L’obiettivo non sembra essere quello di trasformare PlayStation in un semplice PC chiuso, ma di rendere l’esperienza più flessibile. Sony vuole che il proprio hardware possa essere utilizzato in maniera naturale anche fuori dal contesto domestico tradizionale, senza rinunciare all’identità costruita dal marchio nel corso degli anni.
La pandemia e la crescita del gaming su PC
Durante la pandemia del 2020, milioni di persone hanno trascorso più tempo in casa e il settore dei videogiochi ha registrato una forte espansione. In quel periodo molti utenti hanno investito in computer, monitor e postazioni personali, trovando nel PC una piattaforma adatta non soltanto al gioco, ma anche al lavoro, alla comunicazione e all’intrattenimento.
A oltre sei anni di distanza, le abitudini quotidiane sono cambiate nuovamente, ma una parte di quei giocatori è rimasta legata al PC. Sony deve quindi affrontare una concorrenza diversa rispetto al passato, basata non soltanto sulle prestazioni tecniche o sul catalogo, ma anche sulla libertà di scegliere dove e come giocare.
La risposta dell’azienda suggerisce che il recupero di questi utenti non passerà necessariamente attraverso un confronto diretto con il mercato PC. La priorità sarà piuttosto quella di sviluppare un ecosistema capace di offrire maggiore continuità tra ambienti, schermi e modalità d’uso.
La prossima PlayStation non sarà soltanto più potente
Parlando della futura generazione, Sony ha sottolineato che i progressi tecnologici rappresenteranno soltanto una parte della strategia. La nuova piattaforma dovrà proporre un valore specifico e riconoscibile, difficile da replicare attraverso un normale computer da gioco.
Non sono stati forniti dettagli concreti sull’hardware, sulle caratteristiche tecniche o sulla data di lancio della prossima console. Le dichiarazioni indicano però che l’azienda sta valutando un’evoluzione più ampia rispetto al semplice aumento della potenza grafica.

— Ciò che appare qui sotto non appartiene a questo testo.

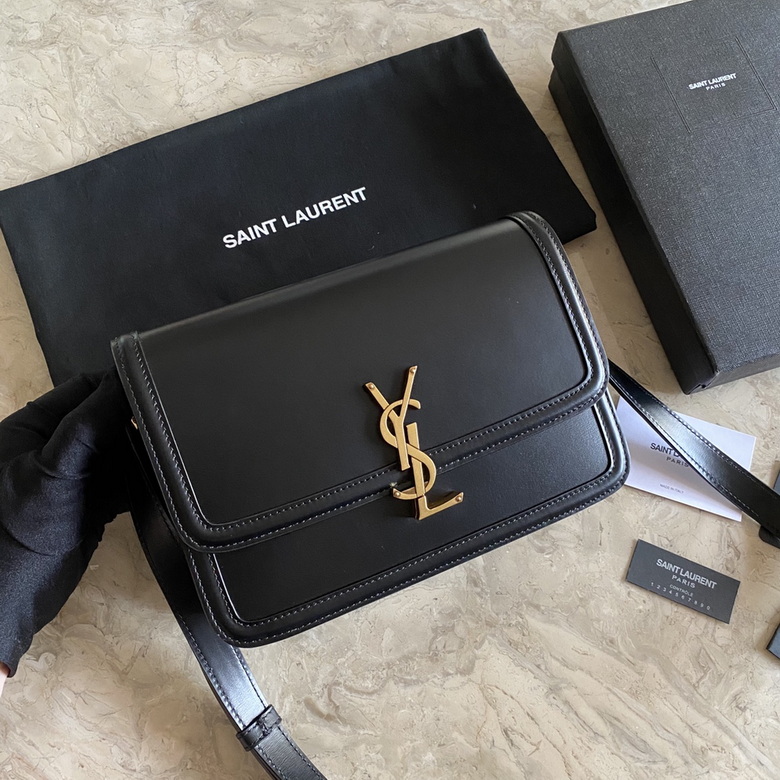 Saint Laurent Solferino Medium Shoulder Bag in Black Smooth Leather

Il riferimento all’espansione degli stili di utilizzo potrebbe includere una maggiore integrazione tra console, dispositivi portatili, streaming e accessori dedicati. Prodotti come PlayStation Portal hanno già mostrato l’interesse di Sony per un’esperienza meno vincolata a un singolo schermo, pur mantenendo il controllo sulla qualità e sulla struttura dell’ecosistema.

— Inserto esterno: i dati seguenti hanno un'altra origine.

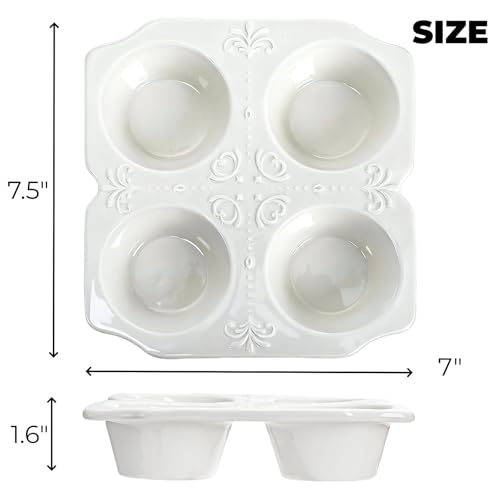 Hiceeden 2 Pack 4-Cup Ceramic Muffin Pan, Nonstick Muffin Tin with Handle, Ceramic Cupcake Baking Pans with Embossed Pattern for Muffin, Cupcake, White, 7.5\" x 7\" x 1.6\" - Thumbnail 2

Il futuro del marchio sembra quindi destinato a estendersi oltre il salotto. Sony vuole seguire i cambiamenti nelle abitudini dei giocatori, ma senza inseguire il PC sul suo stesso terreno. La prossima generazione dovrà distinguersi non soltanto per ciò che sarà in grado di mostrare sullo schermo, ma soprattutto per il modo in cui permetterà agli utenti di accedere e vivere l’esperienza PlayStation.